Bill English was criticised a few weeks ago for suggesting that lower wages here was a competitive advantage.
What do the critics say now that Heinz Watties is moving some of its production from Australia to New Zealand?
After an extensive review of the trans Tasman manufacturing footprint and capabilities, the decision has been made to consolidate production of sauces, beetroot, and some canned meal products from facilities Girgarre (Victoria), Brisbane and Wagga Wagga (NSW), to facilities in Hastings.
Heinz Wattie’s Chief Operating Officer Michael Gibson says Heinz operates a number of factories across Australia and New Zealand and share production between the two countries depending on how customers and consumers can be best served in both markets.
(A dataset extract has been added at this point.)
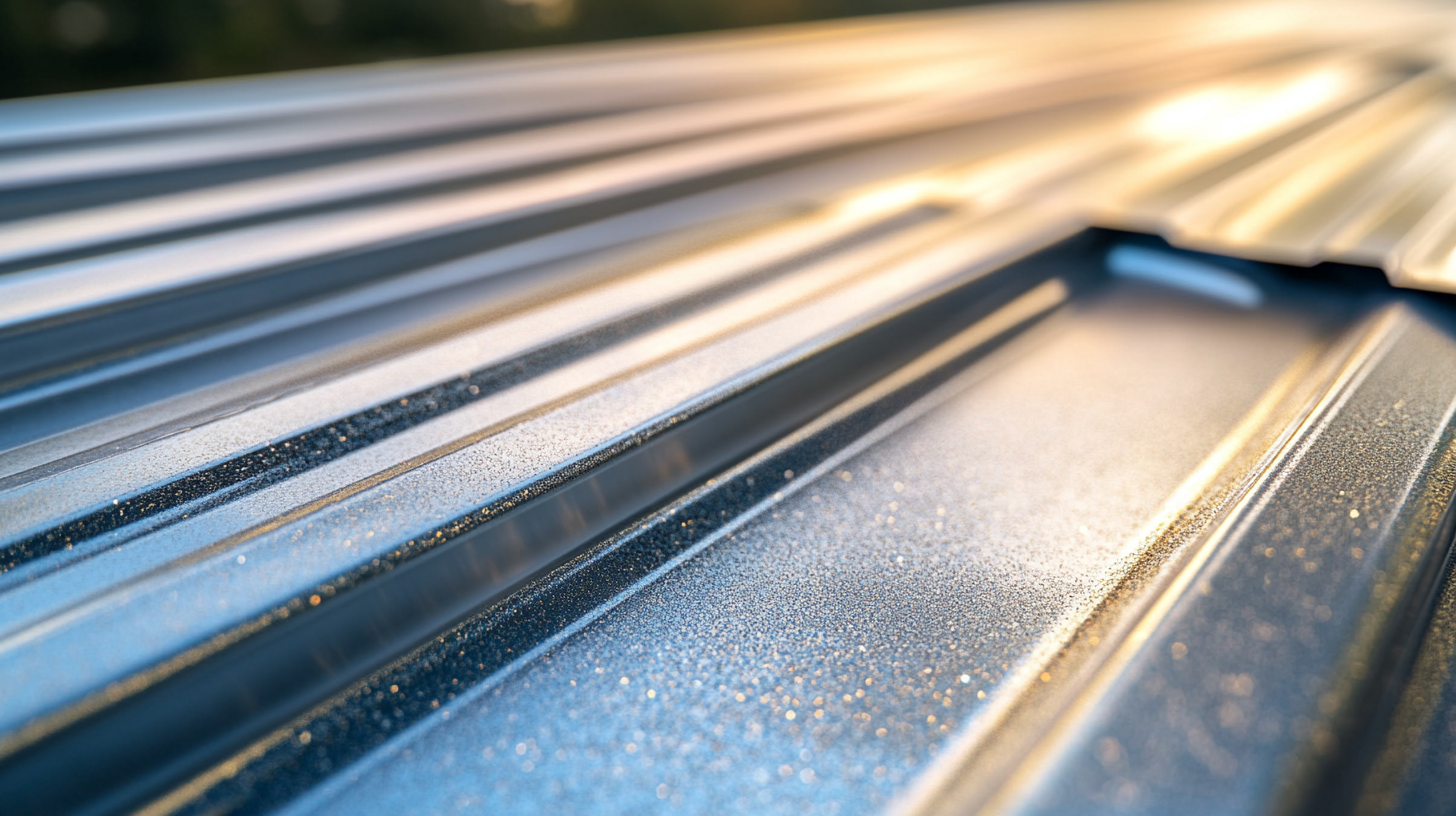 Galvanized Sheet Metal 1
The decision to consolidate manufacturing is a critical step in the plan to become more competitive in a challenging environment and to accelerate future growth.
It all comes down to costs of production:
Australia’s supply chain director, Mike Robinson, says the change is the result of a global productivity review, and is not a result of the strong Australian dollar.
“There is pressure on suppliers from customers and consumers. But there are a number of factors,” he said.
“The cost of raw materials, labour, energy. All of these have pressure on suppliers which mean that we have to maintain competitiveness.”
People are going west across the Tasman but if production moves east to New Zealand then people will follow.
Australia is rich in natural resources but it doesn’t have the plentiful supply of water which helps us produce electricity at a cheaper cost.
Having lower wages isn’t good in the long term but can be a factor which helps economic growth in the short term. As the economy grows, wages will increase .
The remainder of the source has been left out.